El hombre contemporáneo parece sentir una necesidad grande de desmitificarlo todo, destruir fachadas, echar abajo sistemas e ideologías para preguntarse qué es lo que puede quedar realmente como importante.

Pues bien, para Jesús lo único importante y decisivo es que el hombre sepa amar a Dios y al prójimo. Ahí se encierra como en germen todo lo que la humanidad ha de desarrollar. Ese es el secreto de la vida.

Del amor al prójimo se habla y escribe mucho hoy en día. Del amor a Dios apenas habla nadie en esta sociedad cada vez más insensible al encuentro con el Dios de Amigo de la vida.

Y sin embargo, según Jesús, "este mandamiento es el principal y primero". Sería una grave equivocación el olvidarlo.

El mandato de amar a Dios no consiste en cumplir una determinada acción de manera que, una vez cumplido nuestro deber, podamos ya olvidarnos de El.

Amar a Dios es algo mucho más profundo. Nosotros estamos dispuestos a dar cualquier cosa antes que darnos a nosotros mismos. Y el amor a Dios consiste precisamente en esa entrega radical de nuestro propio yo.

El amor a Dios exige la entrega total de nuestro ser, la liberación progresiva de nuestro egocentrismo, la orientación de nuestra existencia hacia el amor.
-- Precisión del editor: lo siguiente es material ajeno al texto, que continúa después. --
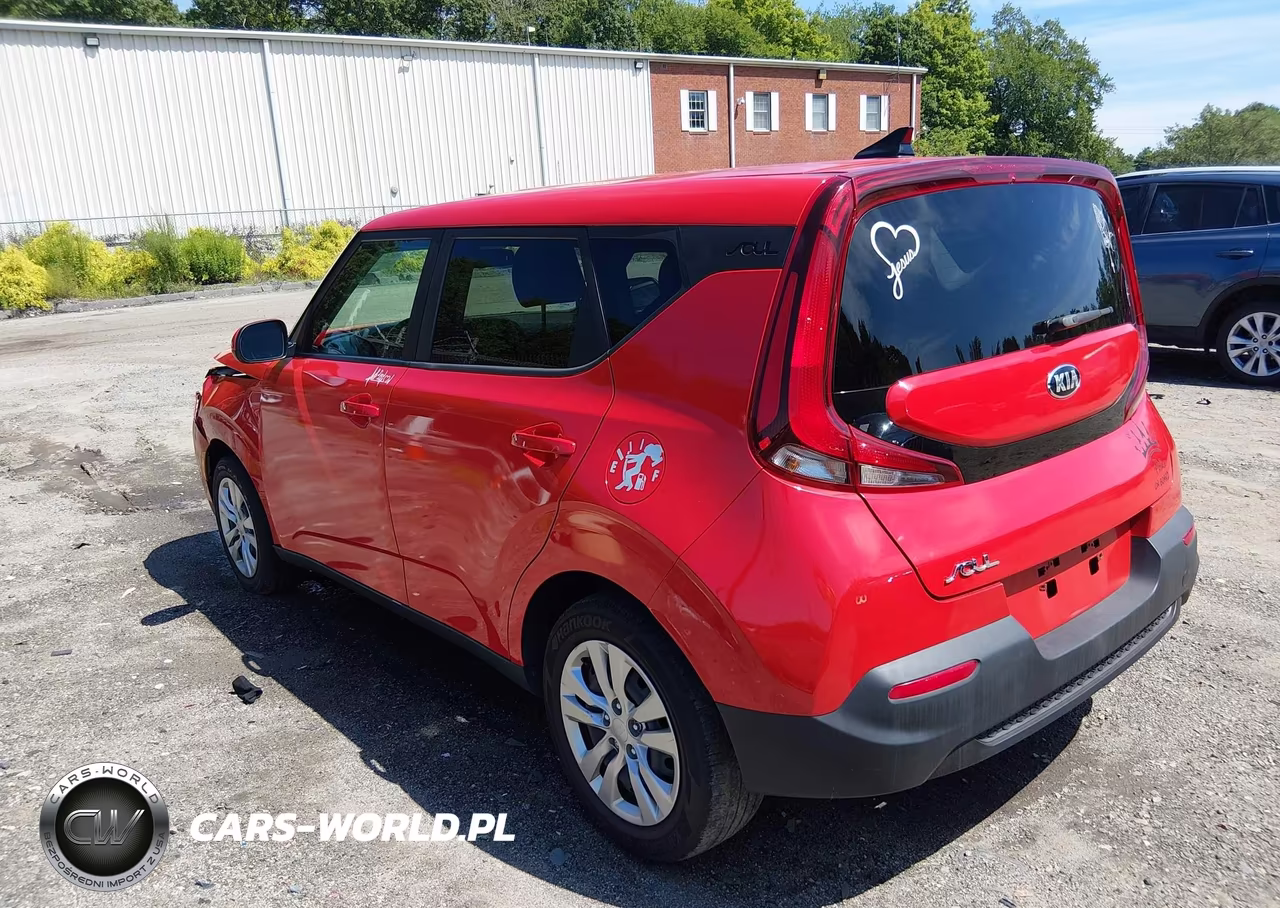 2020 Kia Soul Lx VIN:KNDJ23AU4L7010396 - 3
Cuando este amor se despierta en el interior de un hombre, Dios ya no es para él el nombre de un gobernador supremo y lejano al que se respeta, con el que es peligroso entrar en conflicto y al que, en el fondo, se evita observando sus mandamientos.

Dios es una presencia amorosa que vivifica y alienta nuestro ser y nuestro obrar. Una fuente de vida y libertad que nos empuja a amar con hondura la vida, los seres vivos, las cosas y, sobre todo, los hombres y mujeres todos.
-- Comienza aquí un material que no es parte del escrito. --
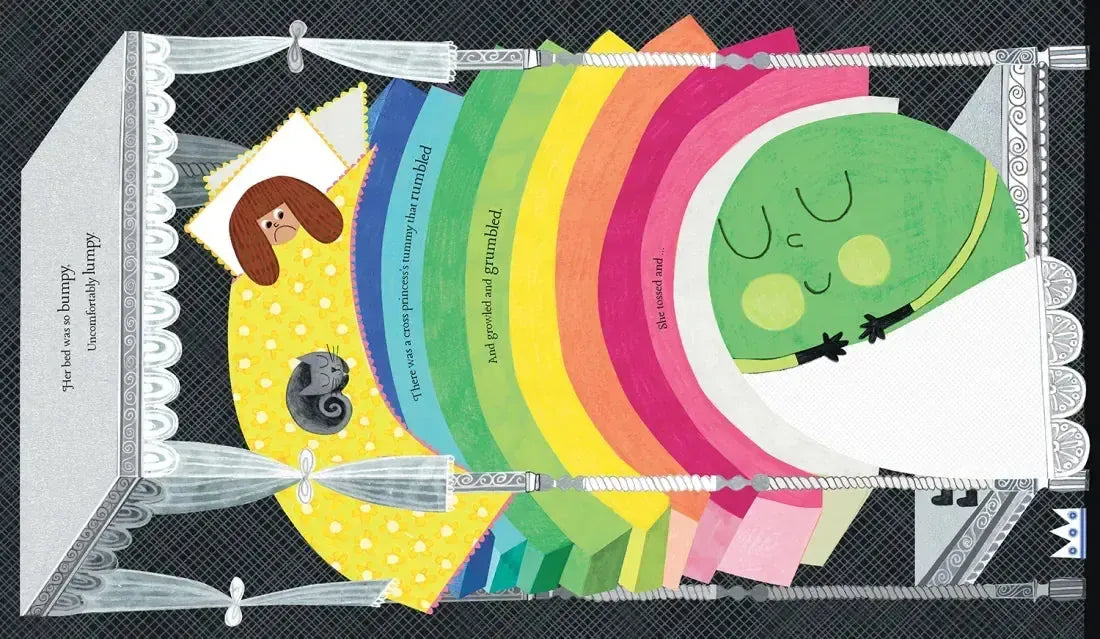 The Princess and the (Greedy) Pea US - Hardback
Este amor al Dios vivo no nos aleja del amor concreto al prójimo. Al contrario, sólo cuando vivimos habitados por este amor es posible liberarnos de nosotros mismos y acercarnos. realmente al otro. Sólo entonces es posible perdonar en silencio, dar con desinterés, "tocar" amorosamente el misterio del hermano.

Más aún. Este amor a Dios nos descubre con frecuencia que casi todo lo que hacemos día tras día no es en realidad "amor al prójimo" sino una hermosa fachada tras la cual se esconde y crece un egoísmo secreto e inconfesable.